Abbas suggested he is ready to consider the idea.

Israeli-Palestinian talks would "focus on implementing what was mentioned in the road map," he said, referring to the international peace plan that envisions a Palestinian state alongside Israel.

"Then we could end in a declaration of principles," Abbas said during a joint news conference with Rice.

"The important thing here is that we reach results, and that we know the ceiling (final stage), but the the stages of implementation can be agreed upon." Abbas said.

Abbas also told US Secretary of State Condoleezza that he was working to improve security in the Palestinian territories. "We are continuing our efforts to improve the security situation," he said.   

He told the news conference: "We want to achieve a Palestinian state and security."

Rice also said an international peace conference being promoted by the administration of George Bush, the US president, for this fall "is not to get people together for a photo op" but rather "so that we can really advance Palestinian statehood."

The US Secretary of State arrived in the Israeli-occupied West Bank earlier on Thursday for talks with the Palestinian officials aimed at developing a peace plan.

She met Salam Fayyad, the Palestinian prime minister, in Ramallah, the seat of Abbas’ Western-backed government.

She also met the Palestinian cabinet, a gesture of support for the team that replaced the Hamas government after the group seized Gaza by force.

Rice’s meeting with Abbas is the first since Hamas’ took control of the other Palestinian territory, Gaza.

When Hamas wrestled control of Gaza from Abbas’ Fatah forces in mid-June, the president of the Palestinian Authority fired the group from the government and installed a new cabinet in the West Bank.

"Ultimately, the Palestinian people will have to choose what kind of world they will live in, what kind of state they will have,"  Rice said, at the end of a four-day Middle East trip.

The tour is partly aimed at laying the groundwork for an international peace conference that the United States will host later in the year.
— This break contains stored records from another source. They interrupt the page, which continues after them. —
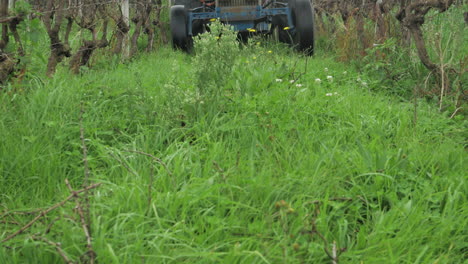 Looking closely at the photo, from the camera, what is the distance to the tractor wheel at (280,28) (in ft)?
24.5

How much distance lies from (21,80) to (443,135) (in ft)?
10.3

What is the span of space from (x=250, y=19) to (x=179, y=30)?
3.93 ft

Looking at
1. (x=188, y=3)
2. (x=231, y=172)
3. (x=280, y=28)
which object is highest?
(x=188, y=3)

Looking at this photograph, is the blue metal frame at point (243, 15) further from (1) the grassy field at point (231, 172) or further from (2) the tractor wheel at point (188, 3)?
(1) the grassy field at point (231, 172)

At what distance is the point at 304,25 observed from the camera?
7074mm

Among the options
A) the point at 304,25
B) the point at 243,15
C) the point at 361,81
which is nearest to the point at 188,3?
the point at 243,15

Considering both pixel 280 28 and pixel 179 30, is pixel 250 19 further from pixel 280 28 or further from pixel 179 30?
pixel 179 30

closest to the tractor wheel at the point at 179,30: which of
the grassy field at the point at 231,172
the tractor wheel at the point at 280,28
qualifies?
the tractor wheel at the point at 280,28

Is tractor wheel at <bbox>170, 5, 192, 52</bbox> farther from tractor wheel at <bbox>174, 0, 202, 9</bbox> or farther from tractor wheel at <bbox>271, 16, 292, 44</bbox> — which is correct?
tractor wheel at <bbox>271, 16, 292, 44</bbox>

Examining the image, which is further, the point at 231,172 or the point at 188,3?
the point at 188,3

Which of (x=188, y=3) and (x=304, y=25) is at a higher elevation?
(x=188, y=3)

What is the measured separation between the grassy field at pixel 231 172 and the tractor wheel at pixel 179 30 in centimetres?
364

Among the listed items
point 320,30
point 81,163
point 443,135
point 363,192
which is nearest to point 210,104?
point 81,163

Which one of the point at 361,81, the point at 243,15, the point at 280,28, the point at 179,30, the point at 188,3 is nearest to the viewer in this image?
the point at 361,81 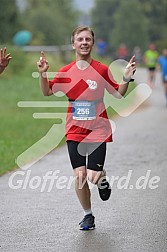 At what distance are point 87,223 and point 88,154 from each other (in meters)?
0.69

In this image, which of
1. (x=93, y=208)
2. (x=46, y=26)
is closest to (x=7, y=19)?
(x=46, y=26)

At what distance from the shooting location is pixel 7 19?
5897cm

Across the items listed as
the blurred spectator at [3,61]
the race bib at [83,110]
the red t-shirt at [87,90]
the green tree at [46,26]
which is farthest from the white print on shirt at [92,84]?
the green tree at [46,26]

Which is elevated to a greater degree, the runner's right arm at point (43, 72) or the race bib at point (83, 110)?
the runner's right arm at point (43, 72)

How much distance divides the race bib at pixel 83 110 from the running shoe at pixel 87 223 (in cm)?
101

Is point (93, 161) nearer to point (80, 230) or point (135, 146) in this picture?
point (80, 230)

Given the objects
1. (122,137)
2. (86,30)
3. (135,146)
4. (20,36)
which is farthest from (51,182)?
(20,36)

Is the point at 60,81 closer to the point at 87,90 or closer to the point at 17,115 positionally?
the point at 87,90

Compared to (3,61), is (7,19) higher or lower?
lower

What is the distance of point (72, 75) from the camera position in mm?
8375

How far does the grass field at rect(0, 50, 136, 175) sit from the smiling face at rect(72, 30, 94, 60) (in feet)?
15.0

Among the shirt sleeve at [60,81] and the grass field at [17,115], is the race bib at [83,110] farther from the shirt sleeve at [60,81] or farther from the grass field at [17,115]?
the grass field at [17,115]

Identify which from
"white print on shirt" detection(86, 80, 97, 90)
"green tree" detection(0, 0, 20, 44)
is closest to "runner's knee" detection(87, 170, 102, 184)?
"white print on shirt" detection(86, 80, 97, 90)

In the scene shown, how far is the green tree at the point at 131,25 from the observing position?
253 feet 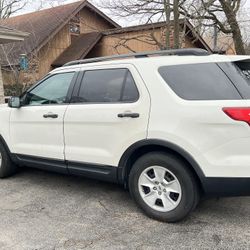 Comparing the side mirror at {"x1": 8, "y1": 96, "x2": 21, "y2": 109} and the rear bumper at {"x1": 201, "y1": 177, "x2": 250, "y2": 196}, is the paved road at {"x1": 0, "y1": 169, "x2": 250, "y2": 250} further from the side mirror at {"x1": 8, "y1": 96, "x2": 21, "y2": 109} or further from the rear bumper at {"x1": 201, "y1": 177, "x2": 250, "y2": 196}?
the side mirror at {"x1": 8, "y1": 96, "x2": 21, "y2": 109}

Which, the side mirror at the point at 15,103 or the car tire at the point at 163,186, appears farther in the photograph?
the side mirror at the point at 15,103

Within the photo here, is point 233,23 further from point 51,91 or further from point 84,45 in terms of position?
point 51,91

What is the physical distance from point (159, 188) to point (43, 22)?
20.3 m

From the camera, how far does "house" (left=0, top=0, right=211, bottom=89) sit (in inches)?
766

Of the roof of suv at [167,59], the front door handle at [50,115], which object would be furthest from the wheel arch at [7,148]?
the roof of suv at [167,59]

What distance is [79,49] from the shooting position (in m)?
21.7

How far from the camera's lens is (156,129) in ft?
13.2

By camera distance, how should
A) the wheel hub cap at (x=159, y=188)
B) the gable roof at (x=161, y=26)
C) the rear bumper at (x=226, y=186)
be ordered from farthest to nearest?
the gable roof at (x=161, y=26), the wheel hub cap at (x=159, y=188), the rear bumper at (x=226, y=186)

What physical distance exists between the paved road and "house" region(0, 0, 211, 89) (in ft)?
44.5

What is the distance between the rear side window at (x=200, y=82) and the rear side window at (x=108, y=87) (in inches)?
16.8

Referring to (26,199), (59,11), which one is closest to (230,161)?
(26,199)

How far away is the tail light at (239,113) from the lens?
11.6 ft

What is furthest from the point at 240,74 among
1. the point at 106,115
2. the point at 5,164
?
the point at 5,164

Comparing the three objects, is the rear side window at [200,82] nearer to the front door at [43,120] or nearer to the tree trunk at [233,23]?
the front door at [43,120]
Abbas received a boost this week after Moscow downgraded its contacts with Hamas, while maintaining some ties with the group to foster dialogue.
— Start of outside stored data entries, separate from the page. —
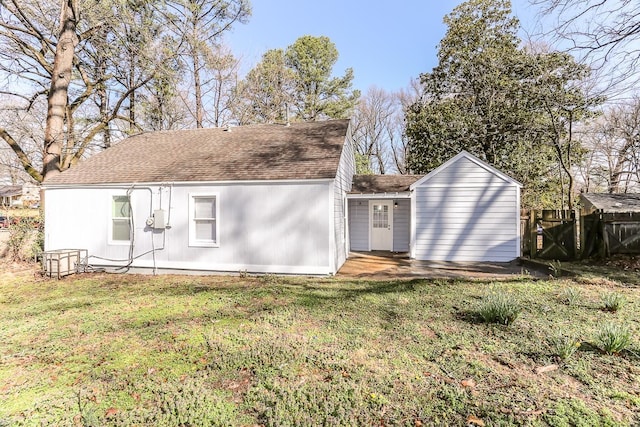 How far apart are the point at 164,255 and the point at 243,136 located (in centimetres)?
508

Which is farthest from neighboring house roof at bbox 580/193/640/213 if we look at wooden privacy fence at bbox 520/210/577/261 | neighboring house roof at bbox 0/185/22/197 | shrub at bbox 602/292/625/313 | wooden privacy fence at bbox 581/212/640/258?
neighboring house roof at bbox 0/185/22/197

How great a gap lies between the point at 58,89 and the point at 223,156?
7110 mm

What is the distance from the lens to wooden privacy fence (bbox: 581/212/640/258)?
9117 millimetres

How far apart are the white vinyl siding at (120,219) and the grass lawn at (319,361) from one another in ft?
10.5

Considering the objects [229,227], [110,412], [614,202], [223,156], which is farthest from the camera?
[614,202]

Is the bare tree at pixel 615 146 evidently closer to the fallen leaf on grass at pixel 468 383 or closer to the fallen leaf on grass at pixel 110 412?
the fallen leaf on grass at pixel 468 383

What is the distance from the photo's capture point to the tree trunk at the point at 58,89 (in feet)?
36.9

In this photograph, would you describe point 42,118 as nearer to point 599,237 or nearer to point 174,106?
point 174,106

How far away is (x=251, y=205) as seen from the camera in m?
8.65

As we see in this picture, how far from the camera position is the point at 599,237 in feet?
31.3

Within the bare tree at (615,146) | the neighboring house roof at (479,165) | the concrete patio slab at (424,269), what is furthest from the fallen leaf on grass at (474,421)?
the bare tree at (615,146)

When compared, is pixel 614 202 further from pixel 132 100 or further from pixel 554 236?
pixel 132 100

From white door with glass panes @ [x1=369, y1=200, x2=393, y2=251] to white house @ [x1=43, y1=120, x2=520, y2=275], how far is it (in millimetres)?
965

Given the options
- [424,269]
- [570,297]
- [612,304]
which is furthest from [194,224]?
[612,304] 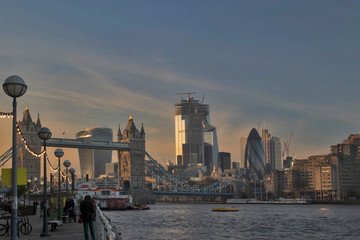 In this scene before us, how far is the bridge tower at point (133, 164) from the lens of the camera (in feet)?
604

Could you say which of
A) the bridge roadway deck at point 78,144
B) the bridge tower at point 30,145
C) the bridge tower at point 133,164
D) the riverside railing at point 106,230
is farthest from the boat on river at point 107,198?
the riverside railing at point 106,230

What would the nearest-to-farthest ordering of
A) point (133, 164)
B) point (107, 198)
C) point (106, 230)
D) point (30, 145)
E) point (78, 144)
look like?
point (106, 230) → point (107, 198) → point (30, 145) → point (78, 144) → point (133, 164)

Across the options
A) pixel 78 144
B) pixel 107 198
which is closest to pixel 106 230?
pixel 107 198

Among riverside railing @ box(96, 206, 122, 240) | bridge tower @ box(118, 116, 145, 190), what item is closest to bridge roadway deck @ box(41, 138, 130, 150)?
bridge tower @ box(118, 116, 145, 190)

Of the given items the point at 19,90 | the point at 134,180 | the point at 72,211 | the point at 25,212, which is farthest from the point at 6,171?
the point at 134,180

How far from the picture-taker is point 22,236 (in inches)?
1011

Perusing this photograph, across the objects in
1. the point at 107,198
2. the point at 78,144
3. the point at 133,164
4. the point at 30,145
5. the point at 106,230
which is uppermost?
the point at 78,144

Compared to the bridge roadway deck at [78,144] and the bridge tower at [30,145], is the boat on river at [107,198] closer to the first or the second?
the bridge tower at [30,145]

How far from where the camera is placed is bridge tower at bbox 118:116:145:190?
184m

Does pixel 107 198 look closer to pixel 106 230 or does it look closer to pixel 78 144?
pixel 78 144

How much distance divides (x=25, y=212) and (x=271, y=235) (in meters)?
23.3

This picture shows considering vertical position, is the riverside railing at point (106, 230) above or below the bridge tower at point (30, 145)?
below

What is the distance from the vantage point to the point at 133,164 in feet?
609

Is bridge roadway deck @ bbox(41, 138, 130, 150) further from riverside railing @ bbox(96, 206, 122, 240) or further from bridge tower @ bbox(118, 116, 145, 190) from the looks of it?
riverside railing @ bbox(96, 206, 122, 240) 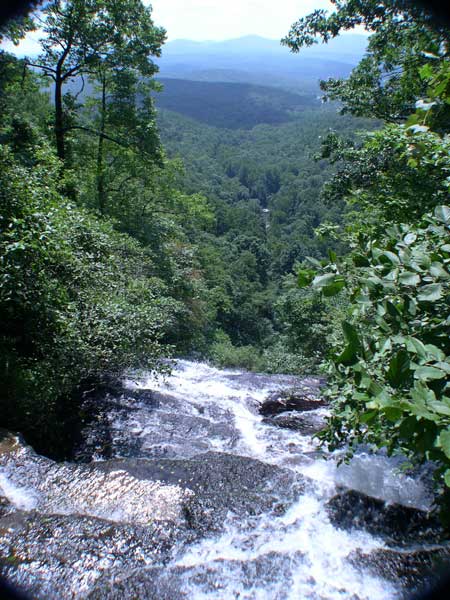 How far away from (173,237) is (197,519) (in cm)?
1274

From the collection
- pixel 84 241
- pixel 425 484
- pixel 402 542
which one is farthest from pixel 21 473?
pixel 425 484

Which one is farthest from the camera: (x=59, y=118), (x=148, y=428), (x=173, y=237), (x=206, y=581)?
(x=173, y=237)

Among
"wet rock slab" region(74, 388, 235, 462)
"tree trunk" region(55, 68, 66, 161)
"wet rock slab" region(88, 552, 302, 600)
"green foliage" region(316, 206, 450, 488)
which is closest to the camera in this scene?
"green foliage" region(316, 206, 450, 488)

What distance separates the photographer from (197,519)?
5094 millimetres

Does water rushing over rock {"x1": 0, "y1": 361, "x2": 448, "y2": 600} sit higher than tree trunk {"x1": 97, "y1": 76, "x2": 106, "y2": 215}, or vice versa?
tree trunk {"x1": 97, "y1": 76, "x2": 106, "y2": 215}

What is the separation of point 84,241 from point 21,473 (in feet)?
13.4

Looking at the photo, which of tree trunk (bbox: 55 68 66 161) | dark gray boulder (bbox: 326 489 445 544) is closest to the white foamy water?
dark gray boulder (bbox: 326 489 445 544)

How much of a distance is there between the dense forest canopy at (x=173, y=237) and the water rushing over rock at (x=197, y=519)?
103cm

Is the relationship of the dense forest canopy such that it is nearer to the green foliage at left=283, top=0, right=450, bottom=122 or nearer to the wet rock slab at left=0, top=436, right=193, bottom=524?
the green foliage at left=283, top=0, right=450, bottom=122

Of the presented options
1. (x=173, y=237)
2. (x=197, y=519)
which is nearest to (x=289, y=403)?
(x=197, y=519)

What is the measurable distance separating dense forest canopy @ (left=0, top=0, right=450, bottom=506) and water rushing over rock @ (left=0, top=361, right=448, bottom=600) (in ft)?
3.37

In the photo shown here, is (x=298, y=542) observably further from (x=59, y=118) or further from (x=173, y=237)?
(x=173, y=237)

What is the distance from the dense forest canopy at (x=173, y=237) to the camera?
1.97 m

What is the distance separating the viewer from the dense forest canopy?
1.97 metres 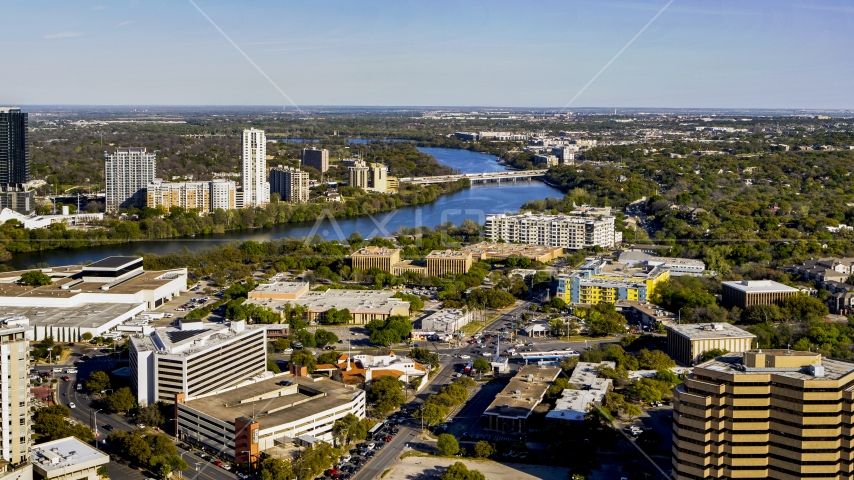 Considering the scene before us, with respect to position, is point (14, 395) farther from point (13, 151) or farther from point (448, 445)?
point (13, 151)

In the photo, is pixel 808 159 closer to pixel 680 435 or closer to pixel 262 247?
pixel 262 247

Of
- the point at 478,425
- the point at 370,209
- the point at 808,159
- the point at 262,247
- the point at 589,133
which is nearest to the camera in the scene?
the point at 478,425

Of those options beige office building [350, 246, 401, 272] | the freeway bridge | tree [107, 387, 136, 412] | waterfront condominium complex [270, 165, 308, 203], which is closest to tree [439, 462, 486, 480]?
tree [107, 387, 136, 412]

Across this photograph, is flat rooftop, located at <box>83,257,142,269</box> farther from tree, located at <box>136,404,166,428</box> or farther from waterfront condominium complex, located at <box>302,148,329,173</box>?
waterfront condominium complex, located at <box>302,148,329,173</box>

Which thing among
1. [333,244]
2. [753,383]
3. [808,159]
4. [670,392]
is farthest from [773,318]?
[808,159]

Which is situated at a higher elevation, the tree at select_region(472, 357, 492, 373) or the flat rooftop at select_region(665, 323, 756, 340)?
the flat rooftop at select_region(665, 323, 756, 340)

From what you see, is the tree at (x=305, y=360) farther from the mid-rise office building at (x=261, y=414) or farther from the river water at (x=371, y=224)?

The decision came after Abbas met with Vladimir Putin, the Russian president, in Moscow which, according to a Russian official, has taken a dim view of Hamas’s use of force to take control of Gaza.

A US official cited "very interesting" reports about the  Abbas-Putin talks in an indication that Rice would be anxious to get details of the Moscow encounter from the Palestinian leader.

Rice travelled with Robert Gates, the US defence secretary, to the Middle East.

They travelled together to Egypt and Saudi Arabia before Gates went on to Kuwait while Rice headed to Israel and the Palestinian territories.